Quand on voit le Slave parcourir d’un pas alerte les diverses tribunes de la salle des séances et arriver, bon pied bon œil, à la tribune dite des journalistes, on s’attend à des portraits, et l’on est tout contrarié qu’ils ne viennent pas. Il eût été piquant, en effet, de voir juger les juges, et d’apprendre à quel point, chez, ces maîtres profès de l’opinion publique, le style est l’homme. Toute la presse parisienne est dans cette loge : plumes légères, dédaigneuses, mordantes ; plumes magistrales et ennuyeuses ; jeunes plumes qui ne savent pas assez, et vieilles plumes qui ressassent ; dégoûts profonds, colères factices, verve spirituelle, en un mot, je le répète, toute la presse. Quelles bonnes pages ironiques et sérieuses aurait pu écrire le Slave, s’il eût voulu tirer parti de son sujet ! Pourquoi a-t-il laissé échapper cette bonne fortune ? Dieu me pardonne, je crois que le courage lui a manqué. Un Slave est courageux sans doute, et le nôtre a fait ses preuves : il a bravé la colère de l’autocrate ; mais on peut fort bien braver l’autocrate et craindre d’offenser ce congrès de roitelets qui siège dans la tribune des journalistes.

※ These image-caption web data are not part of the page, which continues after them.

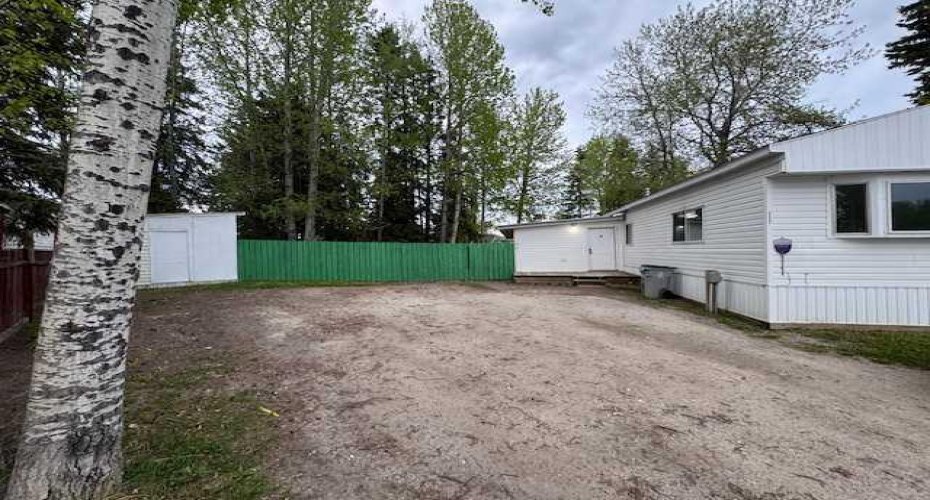 810 56 Street, Edson, Alberta T7E 1P2, 4 Bedroom Bedrooms, 0 ,1 BathroomBathrooms,Mobile,For Sale,56 Street,0,A2314216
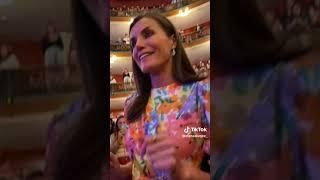 El MOMENTAZO de la REINA LETIZIA con unas ALUMNAS en CÓRDOBA  Diario AS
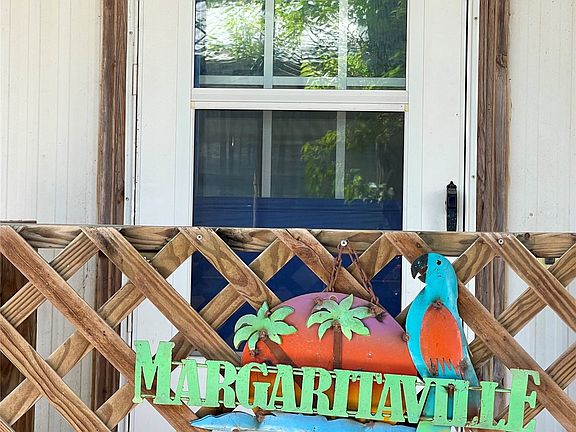 3rd image of 4705 Fox Hollow Rd #18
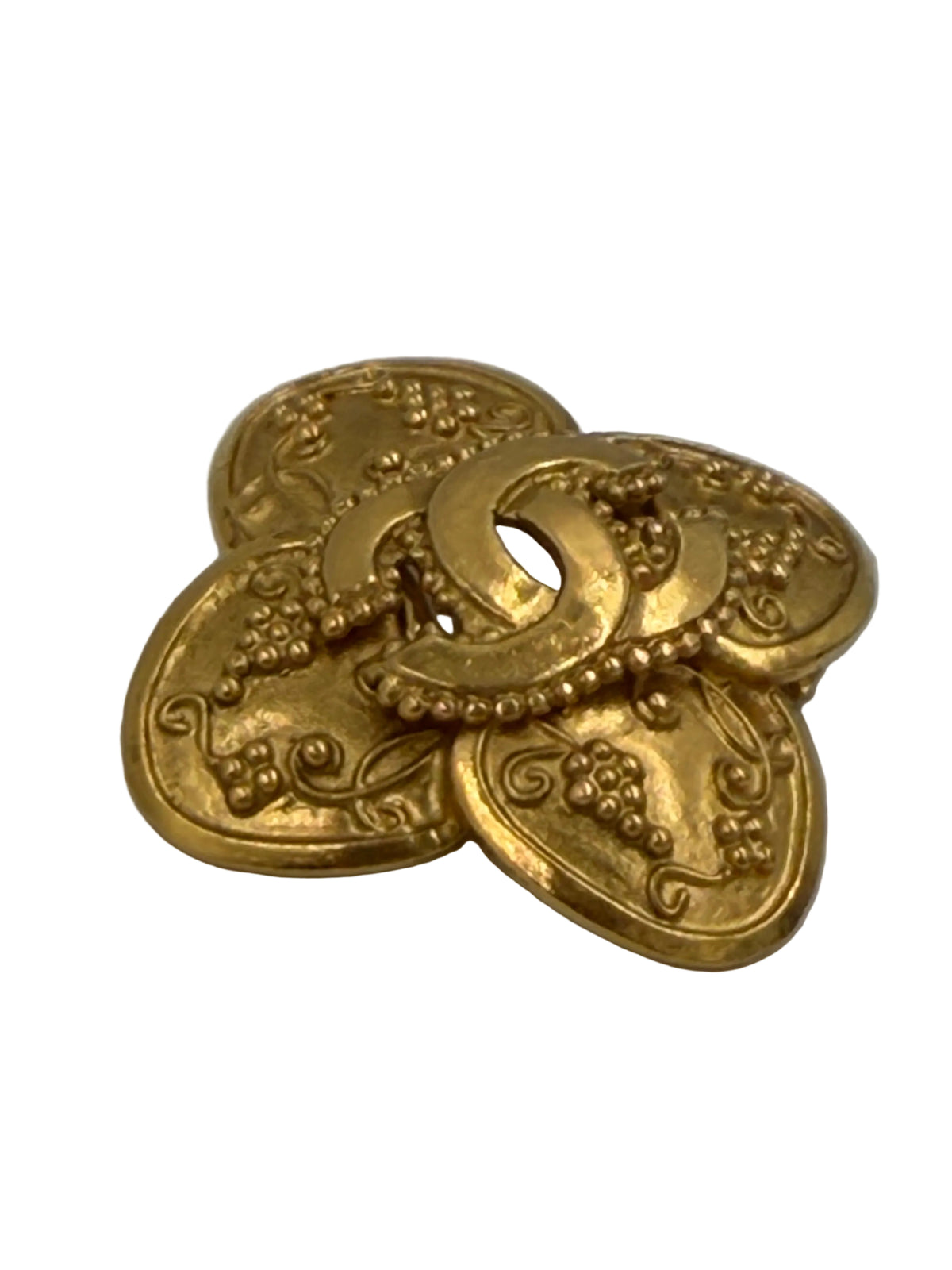 Pre-owned Chanel CC Grapevine Clover Brooch Gold 96A - Authenticated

M. Tanski (on peut aujourd’hui dire le nom du Slave sans indiscrétion) a été moins réservé dans le chapitre de son livre qu’il a intitulé : Généraux et chefs de corps des armées parlementaires. Je l’en féliciterais, si, tout en nous dévoilant avec habileté les secrets de la stratégie, les marches et contremarches de l’opposition et du ministère, il n’eût pas été plus d’une fois injuste envers quelques hommes éminens. Il dit, par exemple, que « M.Thiers aime à coucher sur le champ de bataille, mais qu’il dédaigne de s’y fortifier, » et c’est pour cette raison, on ne s’en serait pas douté, que M. Thiers est tombé deux fois si rapidement du ministère. J’en demande pardon à l’auteur du Voyage, il se trompe. Au 22 février et au 1er mars, M. Thiers n’a pas dédaigné de se fortifier sur le champ de bataille ; il était fortifié suffisamment, et il s’est retiré, on sait pourquoi, en pleine majorité. Ces deux retraites ont été assez éclatantes pour qu’il ne soit pas permis d’en méconnaître le sens et la portée. Je m’étonne que M. Tanski ait commis cette faute, et je m’étonne également qu’à son avis les rapports de M. Duvergier de Hauranne manquent de nerf et de caractère. Si les rapports de M. Duvergier de Hauranne méritent ce traitement, qui donc, dans la chambre, est capable d’écrire un bon rapport ?

D’autres fois, M. Tanski n’est pas injuste, mais il est avare. Ainsi il se, contente de consacrer deux lignes à M. de Rémusat. Il y avait tout un portrait à faire. Écrivain qui sait unir la grace à la force, orateur qui, à plusieurs reprises, a fait entendre les accens d’une conscience passionnée ; spirituel et sensé, bienveillant et ferme, éloquent et honnête, M. de Rémusat ne réunit-il pas des qualités qui font de lui comme un Benjamin Constant incapable de faiblesse ? Encore une bonne page que l’auteur du Voyage a laissé échapper.